SOURCE INFORMATION:

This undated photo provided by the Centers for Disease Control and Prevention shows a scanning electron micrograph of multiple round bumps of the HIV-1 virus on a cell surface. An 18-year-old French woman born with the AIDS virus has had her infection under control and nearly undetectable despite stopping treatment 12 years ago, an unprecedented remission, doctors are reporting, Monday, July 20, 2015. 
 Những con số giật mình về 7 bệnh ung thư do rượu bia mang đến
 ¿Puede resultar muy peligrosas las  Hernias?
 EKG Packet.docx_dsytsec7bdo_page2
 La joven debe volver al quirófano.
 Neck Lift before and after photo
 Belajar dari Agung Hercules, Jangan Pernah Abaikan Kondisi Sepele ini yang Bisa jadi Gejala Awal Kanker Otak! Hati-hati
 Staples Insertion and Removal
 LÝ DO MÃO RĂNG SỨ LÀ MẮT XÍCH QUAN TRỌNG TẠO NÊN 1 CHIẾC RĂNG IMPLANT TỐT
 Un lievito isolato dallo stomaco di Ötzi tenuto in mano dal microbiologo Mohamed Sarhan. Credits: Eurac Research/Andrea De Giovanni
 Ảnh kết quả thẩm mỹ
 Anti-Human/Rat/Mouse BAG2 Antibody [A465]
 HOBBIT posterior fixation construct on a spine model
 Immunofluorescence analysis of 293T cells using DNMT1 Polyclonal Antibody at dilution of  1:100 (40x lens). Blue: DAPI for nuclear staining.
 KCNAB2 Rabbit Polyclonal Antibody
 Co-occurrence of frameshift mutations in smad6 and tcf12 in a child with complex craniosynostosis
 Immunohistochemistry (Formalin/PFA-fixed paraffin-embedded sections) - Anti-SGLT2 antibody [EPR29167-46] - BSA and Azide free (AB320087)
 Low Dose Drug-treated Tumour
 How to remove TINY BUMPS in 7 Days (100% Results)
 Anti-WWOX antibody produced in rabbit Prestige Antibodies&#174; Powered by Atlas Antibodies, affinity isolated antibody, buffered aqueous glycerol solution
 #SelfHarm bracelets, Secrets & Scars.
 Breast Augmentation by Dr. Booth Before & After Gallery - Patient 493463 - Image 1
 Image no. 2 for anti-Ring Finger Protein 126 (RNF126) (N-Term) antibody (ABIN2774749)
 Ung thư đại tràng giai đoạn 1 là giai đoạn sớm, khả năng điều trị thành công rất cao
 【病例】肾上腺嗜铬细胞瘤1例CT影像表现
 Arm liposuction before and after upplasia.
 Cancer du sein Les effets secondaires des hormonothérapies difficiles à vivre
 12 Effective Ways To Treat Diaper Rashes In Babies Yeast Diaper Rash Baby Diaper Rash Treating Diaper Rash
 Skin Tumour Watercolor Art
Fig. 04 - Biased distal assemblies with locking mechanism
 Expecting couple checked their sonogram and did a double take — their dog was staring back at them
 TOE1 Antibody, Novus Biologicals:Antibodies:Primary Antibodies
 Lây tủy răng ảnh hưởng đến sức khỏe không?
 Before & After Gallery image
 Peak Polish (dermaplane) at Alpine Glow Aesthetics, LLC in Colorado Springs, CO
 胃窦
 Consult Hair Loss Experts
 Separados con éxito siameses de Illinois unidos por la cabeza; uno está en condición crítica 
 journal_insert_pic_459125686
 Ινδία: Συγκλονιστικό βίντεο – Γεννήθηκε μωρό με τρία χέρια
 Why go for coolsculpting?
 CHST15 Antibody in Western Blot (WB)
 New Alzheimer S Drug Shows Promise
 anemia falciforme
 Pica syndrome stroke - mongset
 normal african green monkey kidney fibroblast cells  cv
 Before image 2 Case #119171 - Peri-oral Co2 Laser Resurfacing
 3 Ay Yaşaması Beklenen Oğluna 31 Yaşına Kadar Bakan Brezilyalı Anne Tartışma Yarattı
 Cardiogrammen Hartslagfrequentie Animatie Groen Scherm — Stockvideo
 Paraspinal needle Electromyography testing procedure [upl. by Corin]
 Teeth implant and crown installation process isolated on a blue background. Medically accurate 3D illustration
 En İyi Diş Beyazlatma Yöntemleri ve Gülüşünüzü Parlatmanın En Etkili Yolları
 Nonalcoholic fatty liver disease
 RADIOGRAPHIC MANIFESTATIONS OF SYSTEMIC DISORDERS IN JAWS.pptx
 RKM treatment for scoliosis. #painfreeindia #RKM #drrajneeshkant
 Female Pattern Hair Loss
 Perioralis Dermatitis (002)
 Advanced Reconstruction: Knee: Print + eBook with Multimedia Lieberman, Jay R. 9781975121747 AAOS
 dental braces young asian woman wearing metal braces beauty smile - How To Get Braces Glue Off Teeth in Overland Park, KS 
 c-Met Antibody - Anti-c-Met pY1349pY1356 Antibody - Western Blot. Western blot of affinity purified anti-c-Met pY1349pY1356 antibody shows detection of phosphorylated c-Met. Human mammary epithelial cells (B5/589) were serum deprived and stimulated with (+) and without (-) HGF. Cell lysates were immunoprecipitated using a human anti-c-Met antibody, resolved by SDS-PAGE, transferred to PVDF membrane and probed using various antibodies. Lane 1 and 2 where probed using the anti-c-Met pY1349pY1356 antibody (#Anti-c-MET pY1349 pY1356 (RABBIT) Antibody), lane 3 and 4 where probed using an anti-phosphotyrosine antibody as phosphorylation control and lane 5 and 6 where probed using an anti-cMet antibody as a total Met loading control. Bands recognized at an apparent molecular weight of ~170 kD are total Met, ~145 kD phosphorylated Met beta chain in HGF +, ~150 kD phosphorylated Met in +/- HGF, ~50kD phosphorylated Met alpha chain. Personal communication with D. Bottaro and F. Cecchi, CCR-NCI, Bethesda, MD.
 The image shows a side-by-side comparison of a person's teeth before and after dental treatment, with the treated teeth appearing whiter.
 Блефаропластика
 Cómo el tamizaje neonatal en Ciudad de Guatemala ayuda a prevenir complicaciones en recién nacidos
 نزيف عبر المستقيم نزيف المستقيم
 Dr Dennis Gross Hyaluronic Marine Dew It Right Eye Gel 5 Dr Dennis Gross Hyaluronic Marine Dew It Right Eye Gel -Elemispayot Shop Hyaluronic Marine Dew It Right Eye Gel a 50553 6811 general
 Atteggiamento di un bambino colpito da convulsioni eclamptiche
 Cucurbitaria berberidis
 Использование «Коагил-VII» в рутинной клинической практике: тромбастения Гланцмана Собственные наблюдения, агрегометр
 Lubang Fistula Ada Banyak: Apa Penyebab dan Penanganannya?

WHAT THE EXERCISE ASKS: Of the entries above, repeat exactly the lines from the line with "Separados con éxito" through the line with "dental braces young", both of them included.

ANSWER SECTION:
 Separados con éxito siameses de Illinois unidos por la cabeza; uno está en condición crítica 
 journal_insert_pic_459125686
 Ινδία: Συγκλονιστικό βίντεο – Γεννήθηκε μωρό με τρία χέρια
 Why go for coolsculpting?
 CHST15 Antibody in Western Blot (WB)
 New Alzheimer S Drug Shows Promise
 anemia falciforme
 Pica syndrome stroke - mongset
 normal african green monkey kidney fibroblast cells  cv
 Before image 2 Case #119171 - Peri-oral Co2 Laser Resurfacing
 3 Ay Yaşaması Beklenen Oğluna 31 Yaşına Kadar Bakan Brezilyalı Anne Tartışma Yarattı
 Cardiogrammen Hartslagfrequentie Animatie Groen Scherm — Stockvideo
 Paraspinal needle Electromyography testing procedure [upl. by Corin]
 Teeth implant and crown installation process isolated on a blue background. Medically accurate 3D illustration
 En İyi Diş Beyazlatma Yöntemleri ve Gülüşünüzü Parlatmanın En Etkili Yolları
 Nonalcoholic fatty liver disease
 RADIOGRAPHIC MANIFESTATIONS OF SYSTEMIC DISORDERS IN JAWS.pptx
 RKM treatment for scoliosis. #painfreeindia #RKM #drrajneeshkant
 Female Pattern Hair Loss
 Perioralis Dermatitis (002)
 Advanced Reconstruction: Knee: Print + eBook with Multimedia Lieberman, Jay R. 9781975121747 AAOS
 dental braces young asian woman wearing metal braces beauty smile - How To Get Braces Glue Off Teeth in Overland Park, KS 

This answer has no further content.